Hoy he recordado a la abuela Carmen. La madre de mi madre.
Le peinaba y hacía una trenza que enroscaba en moño.
Dormía en mi cama.
Tosía por la noche.
Me quería aleccionar en aquello que ella consideraba debía.
Una mujer de provecho.
Limpieza de la casa. Fue más ella que mamá o mis tías.
En el pueblo, su nuera, mi tía Emilia, le decía que me dejara, que era muy pequeña.
Ella no lo veía así.
Después de los años, agradezco esa educación, aunque no me haya convertido en la mujer que ella me supondría.
Otro de mis recuerdos de hoy, ha sido que siempre me decía que me sentaba mejor el pelo recogido. Que las greñas no me favorecían.
Se fue en mi adolescencia. Sentí su ausencia.
Tuve muchas vivencias con ella, porque se presentaba en Huesca a menudo y se quedaba un tiempo.

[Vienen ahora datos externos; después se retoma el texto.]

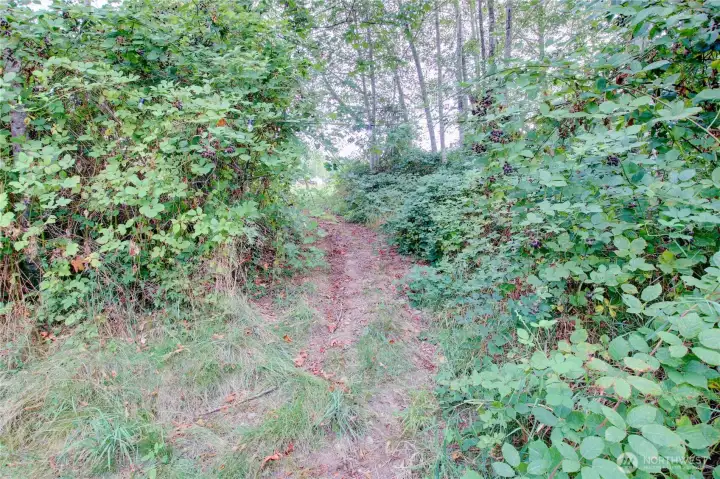 Access to the campsite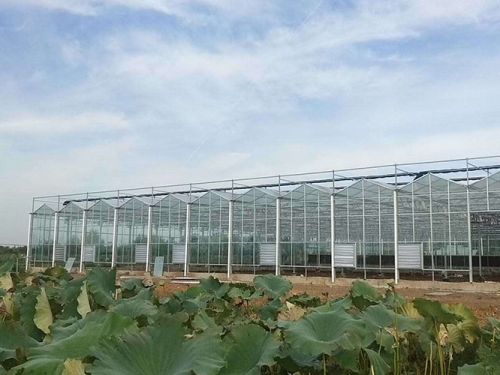 溫室大棚案例
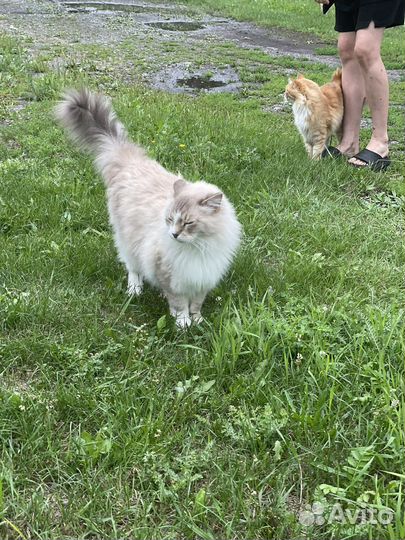 Невский маскарадный кот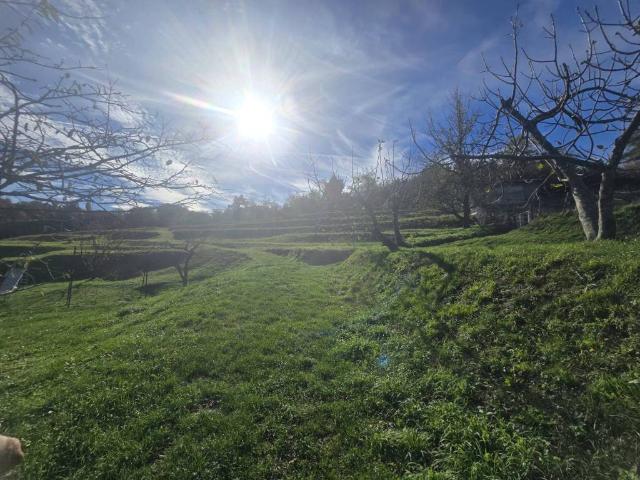 Rustico in vendita a Ponente, Serra Riccò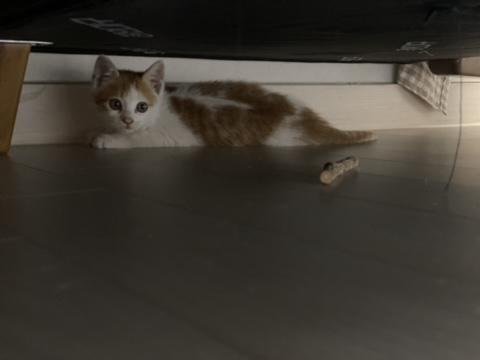 냥줍한지 한달 된 우리 고양이 보고가~!~! | 인스티즈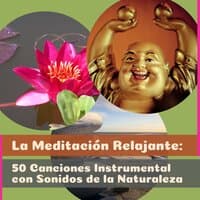 La Meditación Relajante: 50 Canciones Instrumental con Sonidos de la Naturaleza - Música de Armonia, de la Flauta, Guitarra, En Compañía de Piano, Musica Reiki Relajación, Yoga Clase, Zen Espiritualidad Ambiente y Dormir Descansar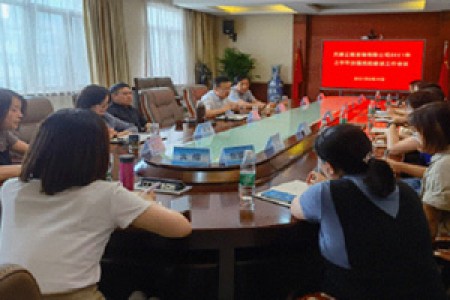 發揮黨建引領作用，推動“四責協同”落地 - 天咨公司召開2021年黨建工作中期推動會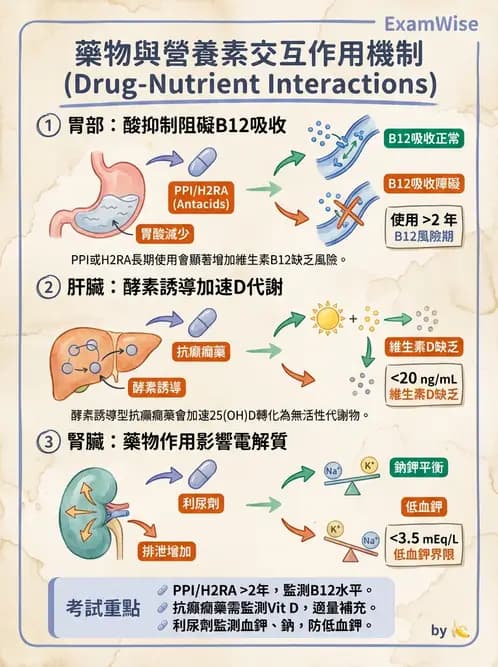 營養 - 藥物與營養素交互作用 - AI 圖文解析預覽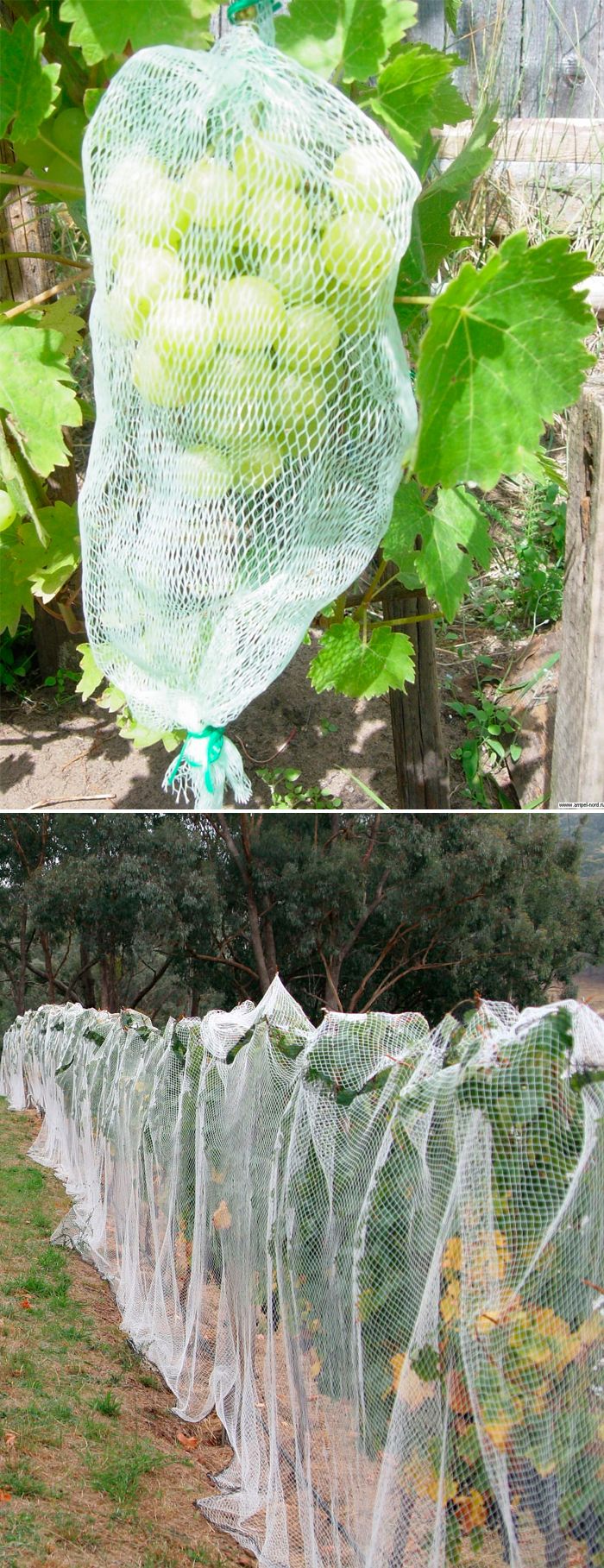 Мрежи за птици Защита на птиците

Enviudó en febrero del año en que cumplí cinco. Ese mayo se casó una de sus hijas. Ella con tristeza y velo negro.
Otro febrero también se la llevó.
A mamá también.
No es un buen mes.
La abuela Carmen, cuando llegaba a una de las casas a ver a sus nietos, cogía el pan seco y hacía una sopas hervidas con huevo, que entonces me desagradaban, y que he llegado a hacer en muchas ocasiones. Se hierve ese pan con ajo y una vez está ligado se añade el huevo, removiendo. Un poco de aceite y sal y a cenar.